Diam Adalah Emas


Diam Adalah Emas

Sudah menjadi kodrat manusia diciptakan sebagai makhluk sosial. Makhluk yang tidak bisa lepas dari yang lainnya. Selalu saja mereka membutuhkan satu dengan lainnya, baik dalam urusan mencari nafkah hingga sekedar berbagi cerita atau bahkan menebar gosip yang sedang hangat di tengah komunitas masyarakat.

Seorang yang memiliki kepekaan sosial tentu tidak akan mengabaikan apa yang ada di sekelilingnya. Dia akan merespon semua yang terjadi di sekelilingnya bahkan dia aktif dan berusaha untuk menjadikan segala sesuatu yang ada di sekelilingnya memiliki nilai guna bagi dirinya, keluarga, lingkungan dan masyarakat. Itulah jiwa sosial yang kental di tengah kehidupan masyarakat khususnya mereka yang tinggal di area pedesaan.


Seiring perjalanan waktu, terjadilah pergeseran-pergeseran di tengah masyarakat. Pergeseran ini sebagian bernilai positif, sehingga bisa mengangkat taraf hidup masyarakat, memajukannya dan pada akhirnya membawa manusia pada puncak peradaban. Taruhlah sebagai contohnya adalah penemuan berbagai alat-alat canggih dalam bidang iptek. Cepatnya arus informasi yang bisa kita akses sewaktu-waktu tanpa terbatas oleh ruang dan waktu.

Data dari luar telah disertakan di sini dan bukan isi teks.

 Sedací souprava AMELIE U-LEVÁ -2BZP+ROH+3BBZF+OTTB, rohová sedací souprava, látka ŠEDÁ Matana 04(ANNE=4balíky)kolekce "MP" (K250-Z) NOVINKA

Tembok-tembok kokoh yang menjadi batas wilayah rumah, desa, kabupaten, profinsi, negara dan dunia tidak lagi mampu membendung derasnya informasi yang datang. Banyak di antara remaja yang terjebak uforia derasnya laju kemajuan ini. Mereka terbuai dengan berbagai kecanggihan yang ada hingga melupakan tugas utama belajarnya. Menempa diri dengan berbagai ketrampilan agar dikemudian hari mereka mampu menjadi pengendali dari leju perkembangan zaman.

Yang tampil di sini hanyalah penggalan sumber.